TV-Portrait Karlheinz Essl

2006

8 März 2006: Einen Tag lang begleitete ein Kamerateam Karlheinz Essl bei seiner künstlerischen Arbeit. Zunächst probte er mit der Flötistin Cordula Bösze, arbeitete danach an einer neuen Komposition für Toy Piano und Elektronik, traf sich anschließend mit Hermann Nitsch und besuchte abends eine Video/Audio/Performance von Bernhard Loibner und Michaela Grill...


In seinem Klosterneuburger Studio probt der Komponist Karlheinz Essl mit der Flötistin Cordula Bösze ein Stück, das er eigens für die Musikerin komponiert hat. Dabei werden Klänge produziert, die man sonst nie hört.


Cordula Bösze Karlheinz Essl & Cordula Bösze

Cordula Bösze (Flöte) und Karlheinz Essl (Electronics) beim Erarbeiten von inside/out


Cordula Bösze: "Ich habe vor einigen Jahr begonnen, die Flöte innen zu mikrophonieren, und kann mit diesem Mikrophon natürlich ganz andere Klänge aus der Flöte herausholen: mit kleinen Lippenbewegungen, mit Luft, mit der Zunge - Dinge, die man ohne Mikrophon sonst nicht hören würde. Ich habe mir dann Partner gesucht, wo ich diesen Klang in einen Computer schicken kann, und dieser dann im computer verändert wird - und das ist genau die Arbeit, die ich jetzt mit Karlheinz Essl mache."

Karlheinz Essl: "Das Stück heißt inside/out und projiziert sozusagen die Klänge aus dem Inneren der Flöte in den Raum, und zwar in einer sehr dichten, kompakten Weise. Die Töne werden mit sich multipliziert, vielfältig übereinander geschichtet. Daraus ergibt sich ein ganz merkwürdige Situation: das, was Cordula spielt, ist normalerweise nicht hörbar. Man hört jetzt aber nur die Projektion in den Raum - das wiederum regt sie beim Spielen an."

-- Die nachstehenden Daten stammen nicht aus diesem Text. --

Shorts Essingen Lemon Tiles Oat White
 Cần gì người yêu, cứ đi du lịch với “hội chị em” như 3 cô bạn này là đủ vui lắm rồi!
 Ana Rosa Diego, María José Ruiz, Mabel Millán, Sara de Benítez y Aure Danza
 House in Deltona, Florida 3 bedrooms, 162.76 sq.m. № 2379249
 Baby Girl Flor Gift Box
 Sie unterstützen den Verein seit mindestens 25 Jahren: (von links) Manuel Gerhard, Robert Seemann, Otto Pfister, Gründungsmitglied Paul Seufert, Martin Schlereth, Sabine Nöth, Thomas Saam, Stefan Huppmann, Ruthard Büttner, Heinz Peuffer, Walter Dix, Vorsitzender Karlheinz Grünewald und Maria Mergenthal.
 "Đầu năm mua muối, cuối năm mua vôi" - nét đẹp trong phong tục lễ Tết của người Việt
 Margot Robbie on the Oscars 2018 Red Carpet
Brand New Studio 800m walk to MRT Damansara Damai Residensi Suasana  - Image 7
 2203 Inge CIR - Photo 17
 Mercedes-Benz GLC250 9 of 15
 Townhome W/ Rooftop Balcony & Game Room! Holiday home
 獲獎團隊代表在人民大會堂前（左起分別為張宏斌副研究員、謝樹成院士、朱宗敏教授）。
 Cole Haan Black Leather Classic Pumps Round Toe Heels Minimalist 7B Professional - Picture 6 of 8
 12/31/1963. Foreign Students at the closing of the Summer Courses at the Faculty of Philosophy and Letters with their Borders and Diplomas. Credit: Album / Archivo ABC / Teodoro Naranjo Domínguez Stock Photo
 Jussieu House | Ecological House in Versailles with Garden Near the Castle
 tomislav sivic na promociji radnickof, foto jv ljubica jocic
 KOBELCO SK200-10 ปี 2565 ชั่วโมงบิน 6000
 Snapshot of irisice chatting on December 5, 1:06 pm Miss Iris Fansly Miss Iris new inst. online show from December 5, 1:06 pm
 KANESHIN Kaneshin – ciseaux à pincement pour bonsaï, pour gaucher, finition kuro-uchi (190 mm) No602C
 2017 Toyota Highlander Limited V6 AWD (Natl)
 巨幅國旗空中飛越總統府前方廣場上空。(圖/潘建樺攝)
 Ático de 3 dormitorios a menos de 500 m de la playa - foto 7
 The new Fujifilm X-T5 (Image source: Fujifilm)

Der Musiker gibt dem Klang Raum, und füllt so den Klang mit Schwingungen. Essls Musik ist ein sinnliches und körperliches Erlebnis.


Karlheinz Essl - hand writing Karlheinz Essl - hand writing

Karlheinz Essl beim Ausarbeiten der Partitur von inside/out


Der Schaffensplatz des 45jährigen befindet sich im Ausstellungshaus der elterliche Sammlung Essl. Er ist einer von zwei Söhnen des Kunstsammler-Ehepaars Agnes und Karlheinz Essl. Die Essls haben eine große europäische Baumarkt-Kette aufgebaut, und auf eine gewisse erbliche Vorbelastung des Sohnes gebaut.

KHE: "Ich sollte eigentlich - da ich aus einer Kaufmannsfamilie komme - diesen Weg weitergehen und in die selben Fußstapfen treten. Ich habe mich dem aber schon sehr früh verweigert, weil ich im Kaufmännischen nicht meine Stärken gesehen habe. Ich habe meinen Eltern bereits als Teenager klar gemacht, dass meine Fähigkeiten auf anderen Gebieten liegen: Ich bin eher Erfinder, habe deswegen dann eine Chemieschule besucht und danach - ganz untypisch! - Musikwissenschaft studiert."

Und das ein Jahr geheim. Bis die Eltern endlich Verständnis für seine musikalischen Neigungen hatten. Karlheinz dissertierte in Musikwissenschaften über Anton Webern und studierte Komposition bei Friedrich Cerha. Komponieren bedeutet für ihn - dessen Werke längst international aufgeführt werden - kein fix und fertiges Elaborat abliefern, sondern Rahmenbedingungen schaffen.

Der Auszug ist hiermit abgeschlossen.